Frank decided to bend over. Even though he felt sore for two weeks, Frank soon recovered and vowed revenge. He headed out on another trip where he found the black bear and shot it. There was another tap on his shoulder. This time a huge grizzly bear stood right next to him.
The grizzly said "That was a huge mistake, Frank. You've got two choices. Either I maul you to death or we'll have rough sex."
Again, Frank thought it was better to comply. Although he survived, it would take several months before Frank finally recovered.
Outraged he headed back to the woods, managed to track down the grizzly and shot it. He felt sweet revenge, but then there was a tap on his shoulder.
He turned round to find a giant polar bear standing there. The polar bear said "Admit it, Frank, you don't come here for the hunting, do you?"
dot-matrix:
A nun catches a ride in a taxi. As the taxi is going along, the nun notices that the cab driver keeps looking at her in the rearview mirror.
She says, "What is it my son?"
The cabbie replies, "Oh, I'm too embarrassed to say, sister."
She says, "Please, feel free to say anything, I've been a nun for many years and not too many things surprise me anymore."
The cabbie says, "Well, I've always had this fantasy of getting a blow job from a nun. I'm sorry sister, I feel so ashamed."

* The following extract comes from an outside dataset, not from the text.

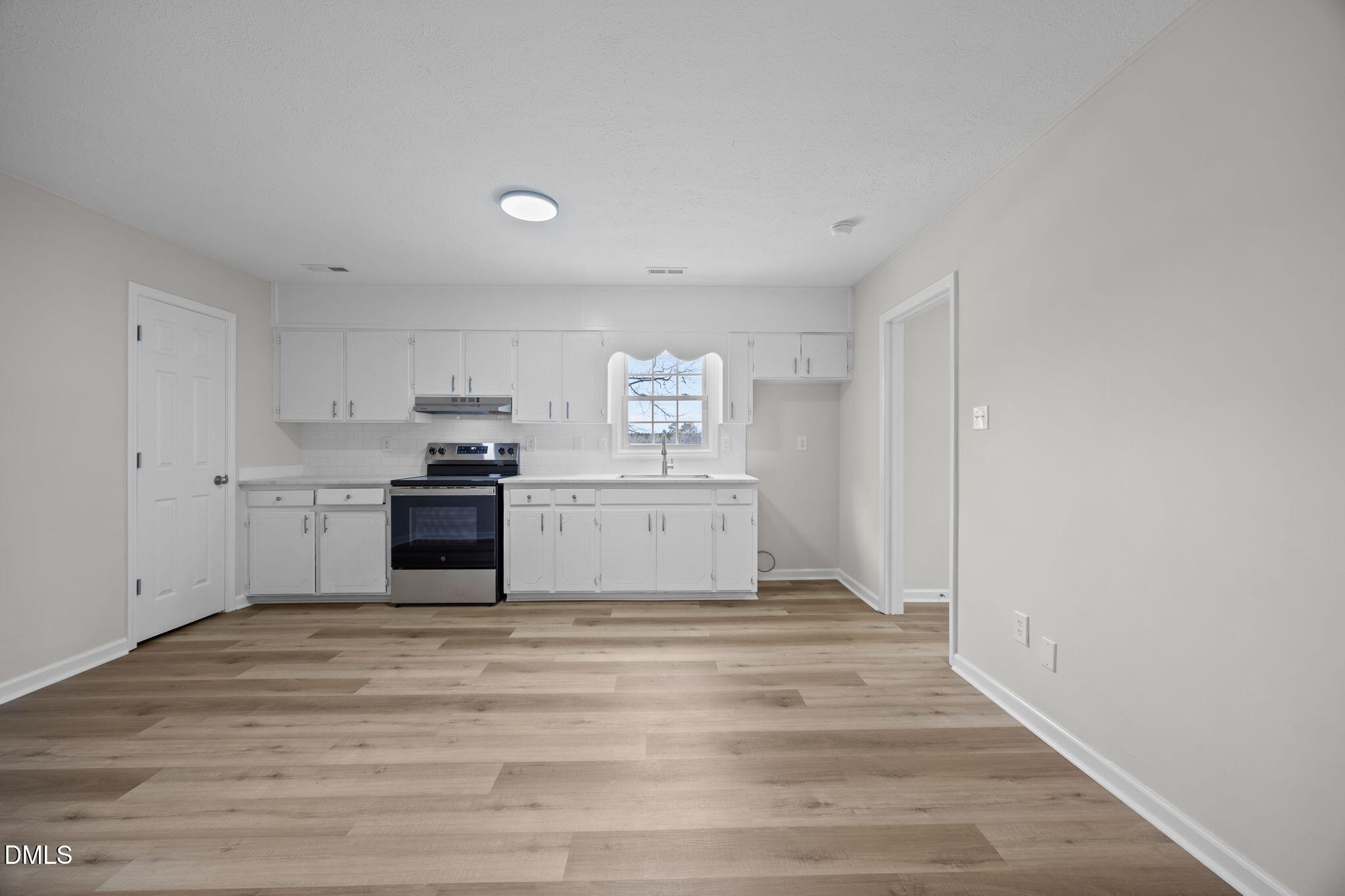 3285 Free Union Church Road Pinetown, NC 27865 - Photo 10 of 41 a view of a kitchen with wooden floor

"That's OK my son, I know well the needs of the flesh. I will do it on two conditions: one, that you are Catholic and two, that you are not married."
The cabbie says, "Yes on both conditions!" So they drive around the corner to a spot where the nun takes care of the cabbie.
As they continue on their way, the nun notices the cabbie is crying.
She says, "What's wrong, my son?"
He says, "Sister, I lied. I'm Jewish and I'm married!"
She says, "That's okay. My name's Steve and I'm on my way to a costume party!"
:o So Busted
dot-matrix:
Top Ten Jerry Falwell Pet Peeves About TV
10. Angels Shouldn't Go Around "Touching" Anyone
9. Mister Rogers' sissy loafers.
8. "Zoe, Duncan, Jack and Jane" are lesbian, gay, gay and lesbian.
7. Bastards at MTV didn't even look at my "Road Rules" audition tape.
6. If you don't pay the bill on time, Playboy channel gets all fuzzy.
5. Fox won't even consider "World's Wildest Baptism Accidents"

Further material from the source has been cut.